Across the nation, municipal budgets are tight, as annual cost increases in many spending categories continue to exceed revenue growth. Default will likely remain rare among the 90,000 local governments in America, but states should expect it to become more common than it has been in the past. Though the causes of distress can be difficult to isolate, it always commands significant public attention, even in the case of small communities. States cannot stand idly by. New policy solutions at the state level will be necessary to anticipate, prevent, and manage distress. While some mandate relief is important, in general the solution is neither more local autonomy nor municipal bankruptcy. States should develop new oversight, intervention, and takeover policies.

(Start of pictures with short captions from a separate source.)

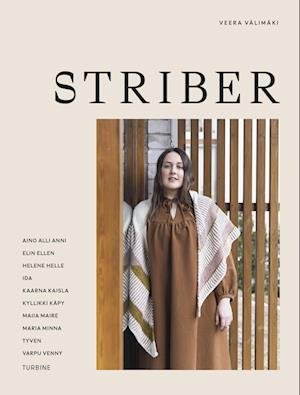 Cover for Veera Välimäki · Striber (Hardcover bog) [1. udgave] (2023)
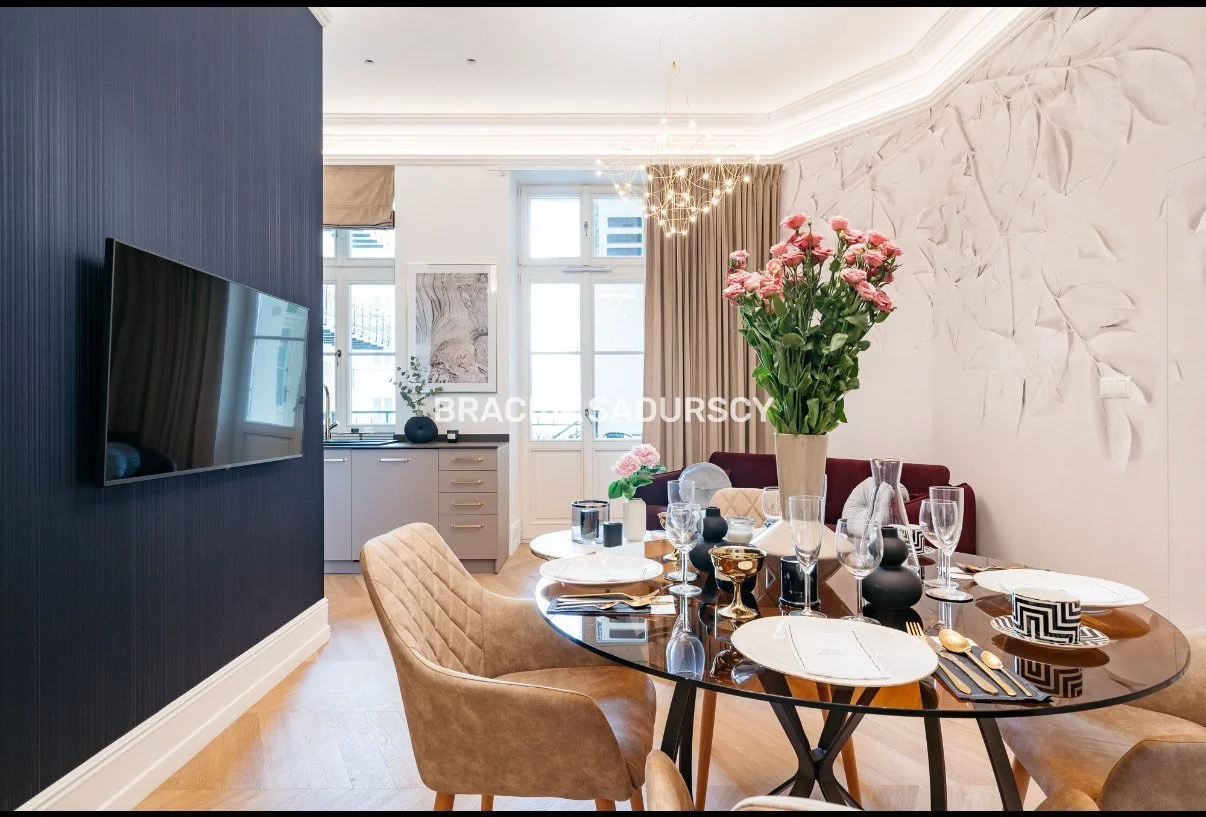 2 pokoje, mieszkanie 51,90 m², parter, oferta nr , BS3-MS-310061-1, Kraków, Stare Miasto, Stare Miasto, św. Sebastiana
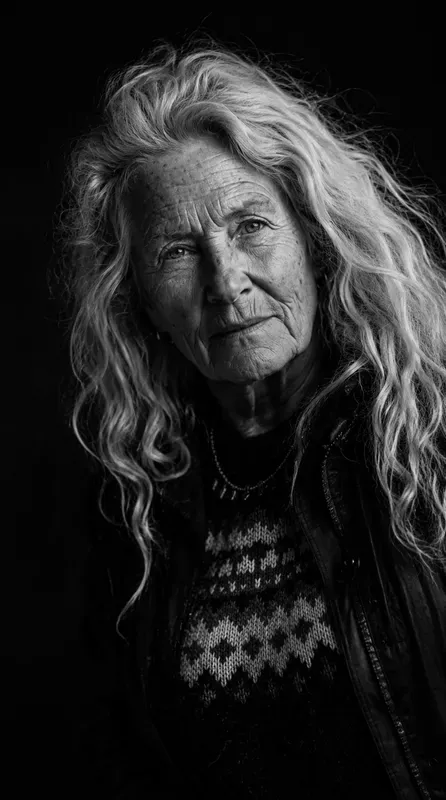 Professional Black And White Portraits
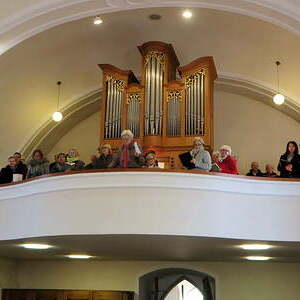 Palmsonntag und Ostermarkt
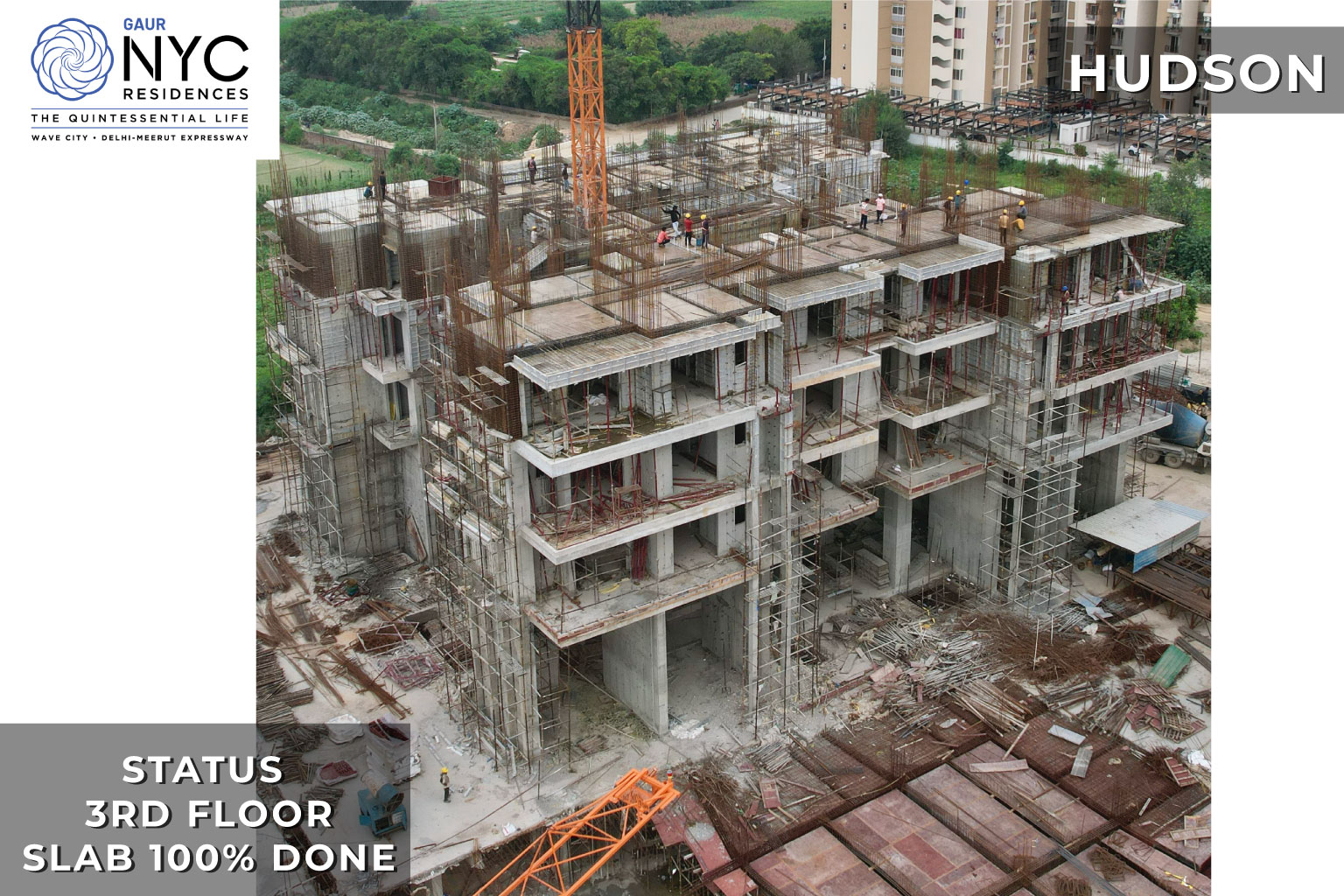 Gaur NYC Residences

State and local governments cannot count on economic growth to alleviate distress, nor would it be wise for them to try to engineer growth by adopting more aggressive economic policies. Better fiscal policymaking is what cities need, particularly with regard to personnel spending, since salaries and benefits dominate cities’ budgets.
There are four possible approaches to prevent and manage fiscal distress: mandate relief, oversight, intervention, and bankruptcy. Intervention and oversight should take the lead, while also allotting a role to mandate relief and bankruptcy. State governments should coordinate the four into a structured approach to preventing and managing fiscal distress.
- State governments, particularly those in states with strong public-sector unions, should grant mandate relief to local governments in matters of personnel spending.
- States should strengthen existing oversight policies toward local finances.
- States should develop strong and general intervention policies before cases of fiscal distress arise.
- States should allow local governments to file for Chapter 9 municipal bankruptcy only as a last resort. Additionally, a state-appointed authority should guide localities through bankruptcy.